I could strip the : from the variable (cut probably) further up the dialplan, or, override macro-user-callerid (as I am now) to remove the offending IF. Neither are great and will no doubt cause me pain in the future as freepbx updates and something breaks.

Very few people use IAX, and I’m not familiar with its channel names. However, I don’t understand why you should want to set the caller ID to be the channel name. Normally caller IDs are expected to have the form of telephone numbers.

Channel names can change during a call. They are generally set on the first contact with the peer in the call, but, if the protocol allows transfers, they can change to reflect the new party.

E.g. for SIP, if the originate sends a REFER, Asterisk will start a new A leg, which might not even by SIP, and will change the name to reflect that new leg. In some cases, there may be a period in which the channel name is that of Local channel, which changes into the final channel name.
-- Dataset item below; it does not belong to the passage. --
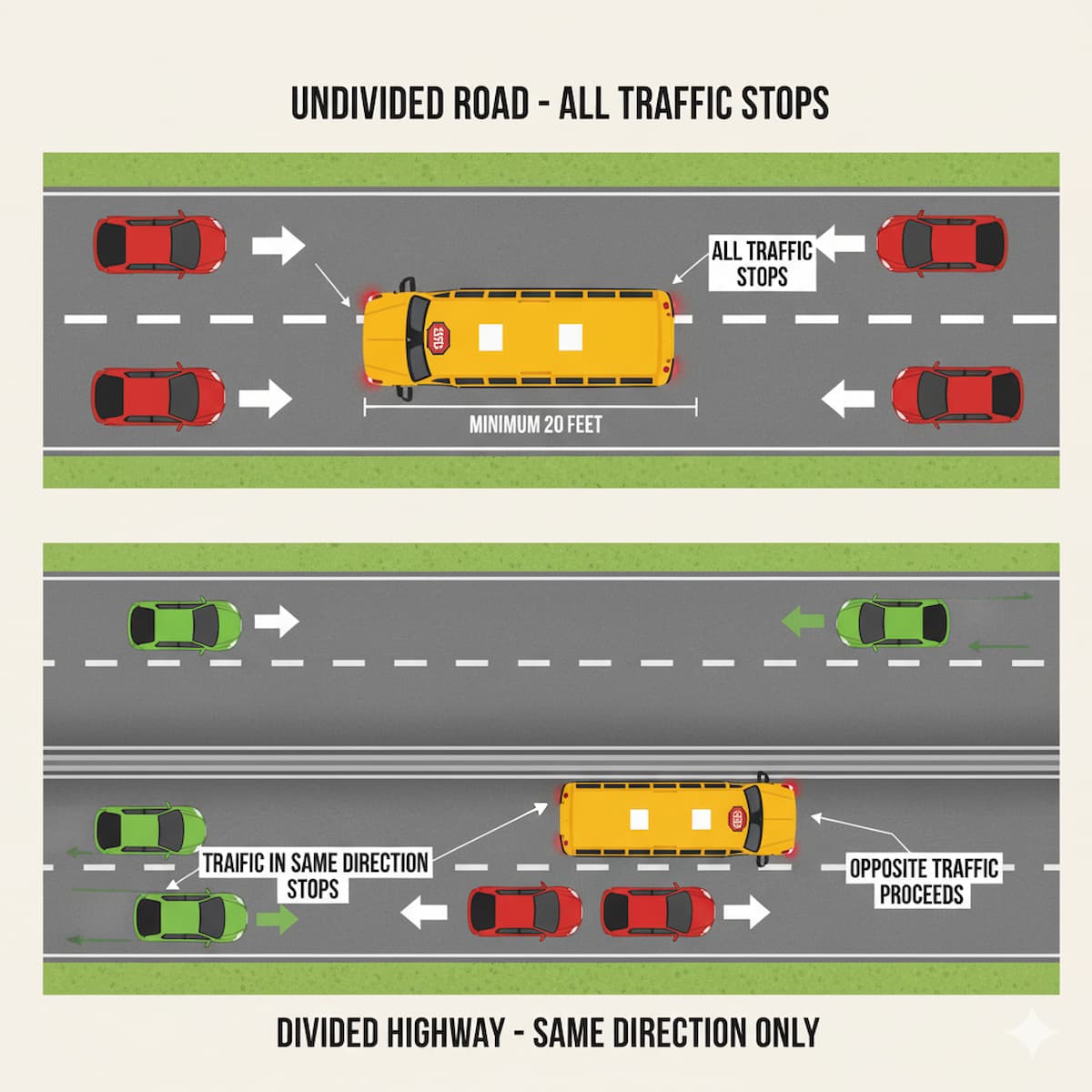 Maine school bus stop law showing both directions must stop on undivided roads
Typically in this case, there will be a local channel, which will generate the channel towards the new A leg, but then be optimised into that new A leg, taking on its channel name.

In the case of this sort of transfer, the UNIQUEID is actually more stable, and is an equally valid way of naming the channel.
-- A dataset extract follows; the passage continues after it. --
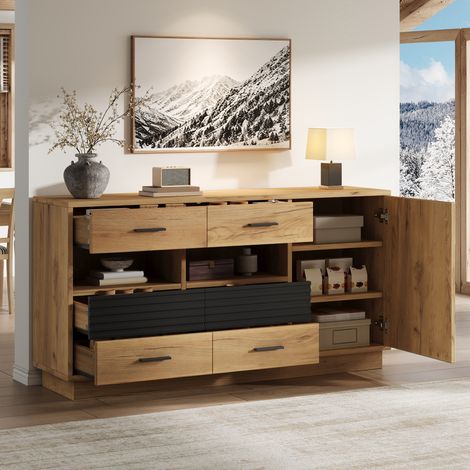 Aparador bajo MDF 140 x 35 x 70 cm, 6 cajones, 1 puerta, madera natural y negro REDOM (1/5)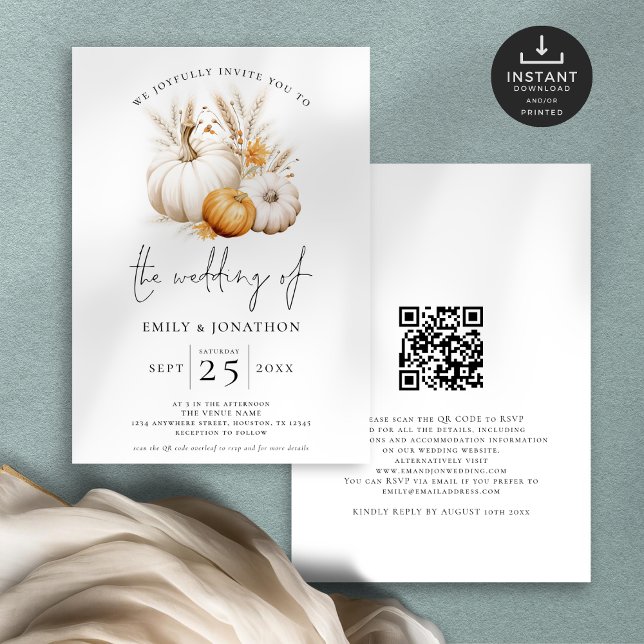 Invitation Boho Citrouille Pampas QR Code Mariage de automne (Front and back view)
Very few people use IAX, and I’m not familiar with its channel names. However, I don’t understand why you should want to set the caller ID to be the channel name. Normally caller IDs are expected to have the form of telephone numbers.

Just for clarity because this is starting to be a long post, I want CALLERID(number) to be a number, it is a number until it reaches the IF (step 6) in macro-user-callerid which is part of freepbx and is called from the inbound call context. For whatever reason IAX2 channel ID has : in it, and Freepbx just passes that on through and this breaks the macro and malforms my callerid. FWIW this works great on SIP because SIP doesn’t include a : in its channel name but for various reasons IAX2 is the chosen protocol for this inbound route.
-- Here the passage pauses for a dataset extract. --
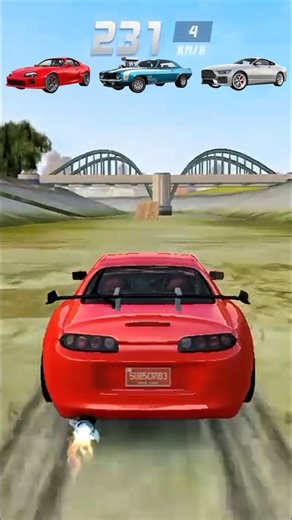 TOP 3 Cars Bridge Jump Challenge 🔥 Part 5 | Supercars | Extreme Car Driving Simulator #shorts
From the abundance of knowledge you’ve provided here I don’t think I’m going to be able to fix this within the freepbx model and having an override for this macro, whilst not perfect, does the job for now. Hopefully the guys who work on Freepbx will fix this in their build at some point and everything will be ok.

Did you report this to their issue tracker? They can’t fix what they don’t know isn’t working.

My suspicion is that the only way this will get fixed is by clearer documentation. Asterisk isn’t doing anything wrong, it is just that there are subtleties in how it works. The OP is doing something very strange by trying to use an Asterisk channel name as a caller ID.

The way that this is presented in IAX2 Channel Name incoming - General Help - FreePBX Community Forums is that this is FreePBX standard code. I had assumed that it was user provided custom code.